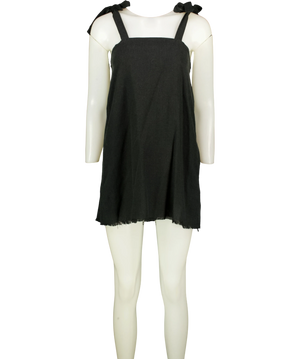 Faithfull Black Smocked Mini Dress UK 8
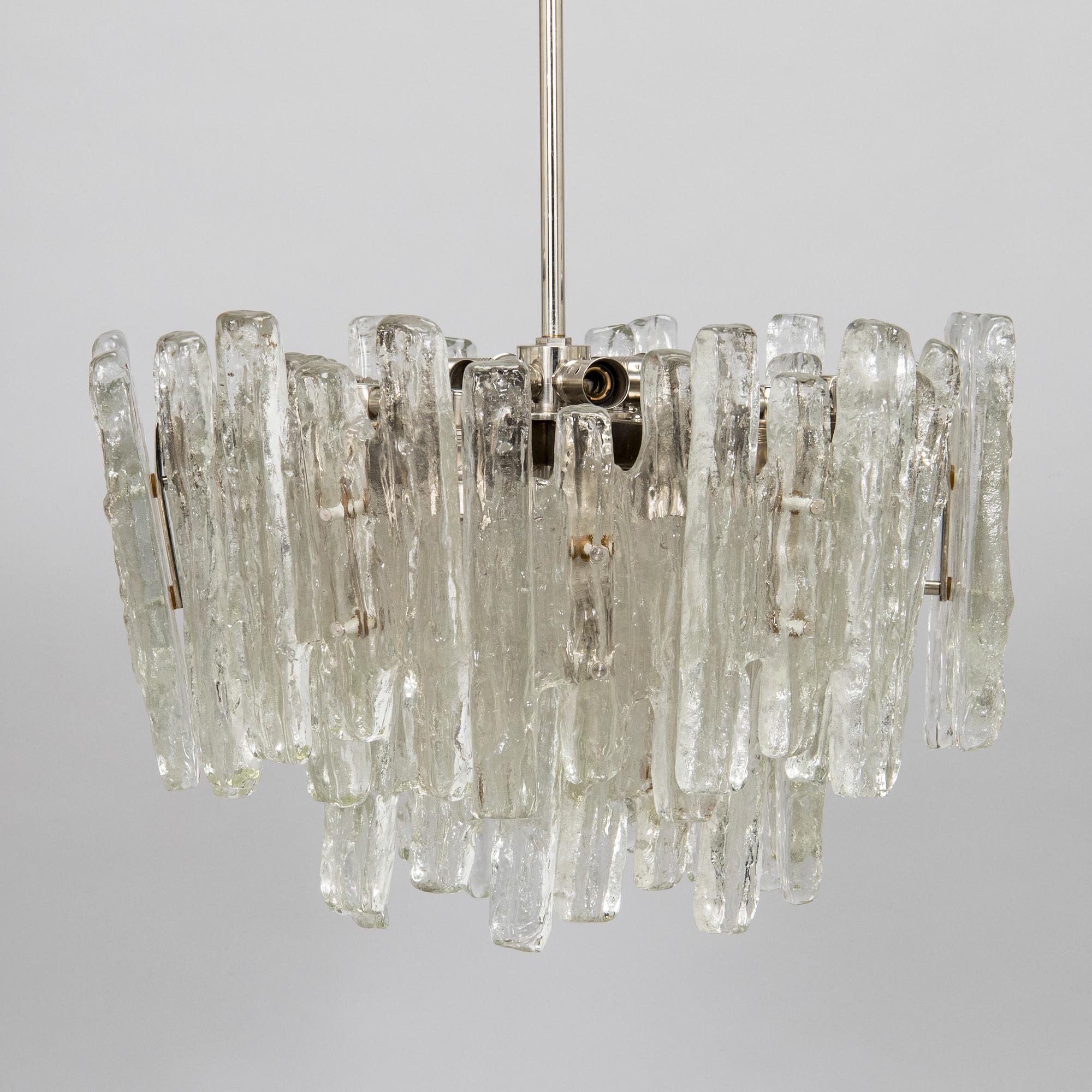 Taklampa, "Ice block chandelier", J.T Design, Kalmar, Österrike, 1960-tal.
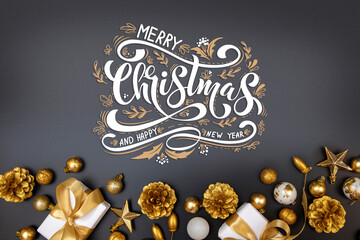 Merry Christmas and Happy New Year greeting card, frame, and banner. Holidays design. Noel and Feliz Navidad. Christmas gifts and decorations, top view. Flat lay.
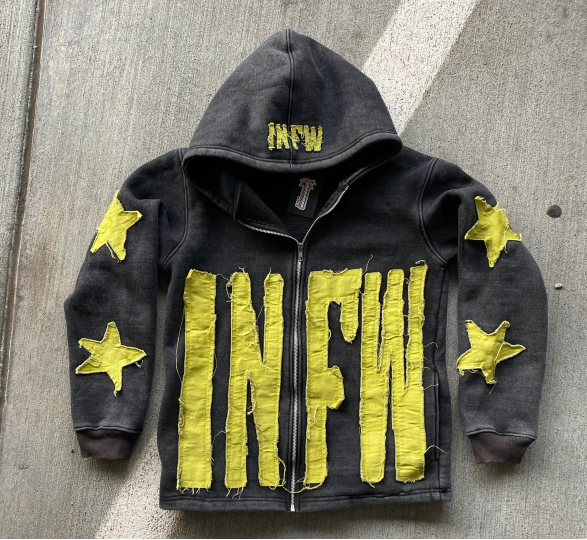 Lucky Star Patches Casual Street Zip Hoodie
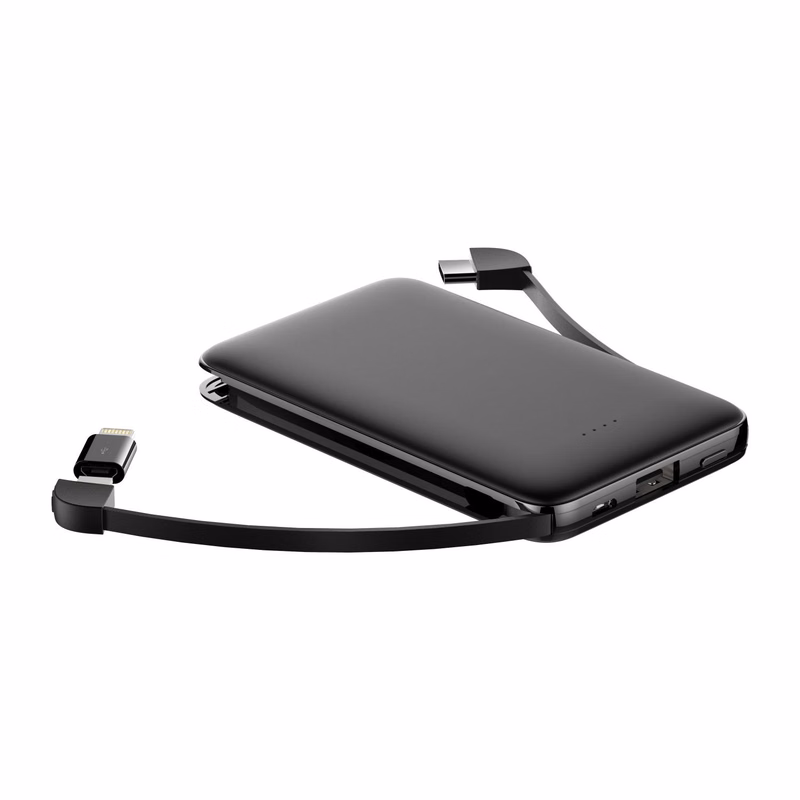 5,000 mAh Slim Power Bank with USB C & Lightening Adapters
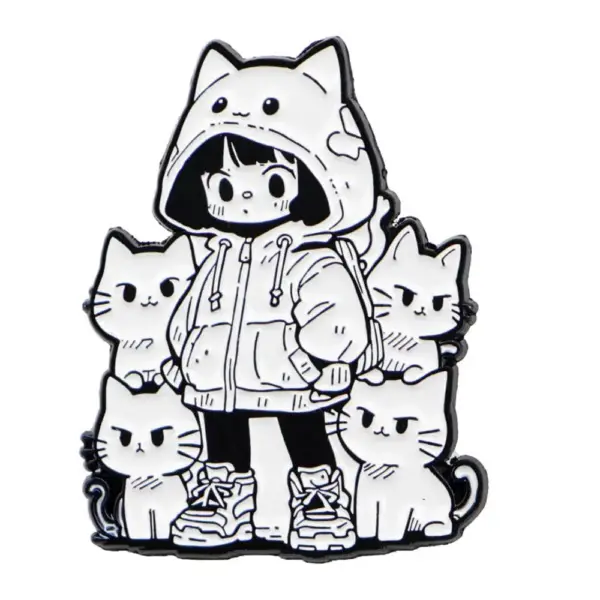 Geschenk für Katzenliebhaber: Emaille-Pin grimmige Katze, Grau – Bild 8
==*==
Exercise instructions: Please output every entry exactly as written, apart from the pictures.

Task response:
 Faithfull Black Smocked Mini Dress UK 8
 Taklampa, "Ice block chandelier", J.T Design, Kalmar, Österrike, 1960-tal.
 Merry Christmas and Happy New Year greeting card, frame, and banner. Holidays design. Noel and Feliz Navidad. Christmas gifts and decorations, top view. Flat lay.
 Lucky Star Patches Casual Street Zip Hoodie
 5,000 mAh Slim Power Bank with USB C & Lightening Adapters
 Geschenk für Katzenliebhaber: Emaille-Pin grimmige Katze, Grau – Bild 8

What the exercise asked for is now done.